DATA SHOWN -
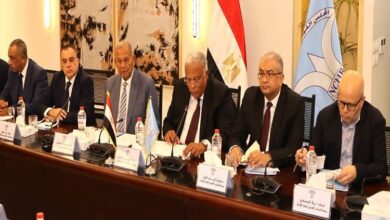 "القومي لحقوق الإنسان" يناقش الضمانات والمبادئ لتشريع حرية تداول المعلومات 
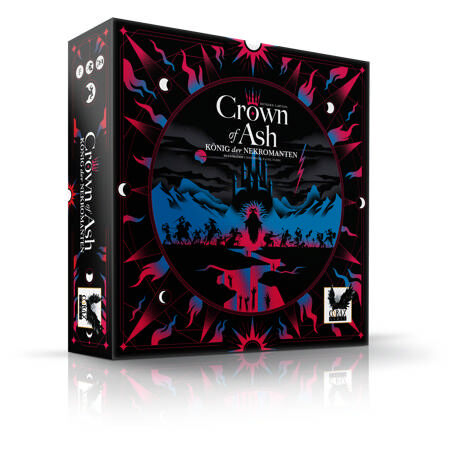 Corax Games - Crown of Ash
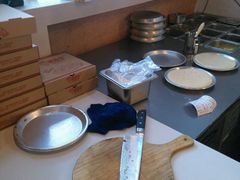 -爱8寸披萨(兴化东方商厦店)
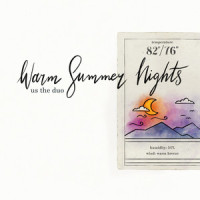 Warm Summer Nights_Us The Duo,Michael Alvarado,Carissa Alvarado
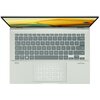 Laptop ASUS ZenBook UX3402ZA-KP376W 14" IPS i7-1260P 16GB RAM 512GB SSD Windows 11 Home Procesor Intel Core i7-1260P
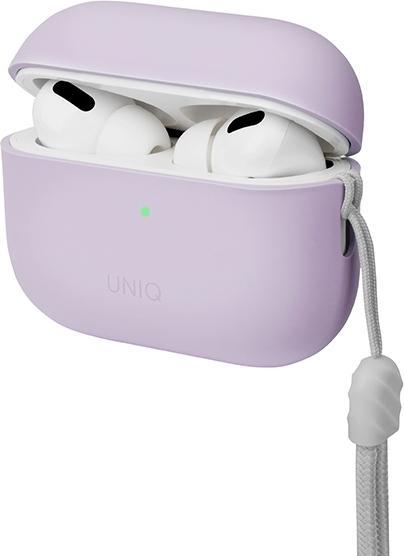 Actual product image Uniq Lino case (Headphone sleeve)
* * *
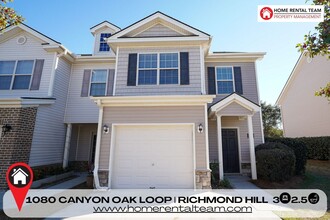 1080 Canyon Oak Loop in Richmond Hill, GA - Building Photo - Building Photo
* * *
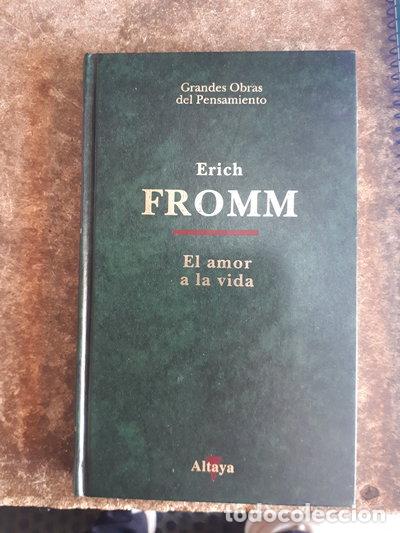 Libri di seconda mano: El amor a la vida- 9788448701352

WHAT THE TASK REQUIRES - What is needed is an exact copy of the lines above from the one with "حرية تداول المعلومات" to the one with "Actual product image", both ends kept, and nothing more; please leave the pictures out.

SOLUTION FOR THIS PROBLEM -
 "القومي لحقوق الإنسان" يناقش الضمانات والمبادئ لتشريع حرية تداول المعلومات 
 Corax Games - Crown of Ash
 -爱8寸披萨(兴化东方商厦店)
 Warm Summer Nights_Us The Duo,Michael Alvarado,Carissa Alvarado
 Laptop ASUS ZenBook UX3402ZA-KP376W 14" IPS i7-1260P 16GB RAM 512GB SSD Windows 11 Home Procesor Intel Core i7-1260P
 Actual product image Uniq Lino case (Headphone sleeve)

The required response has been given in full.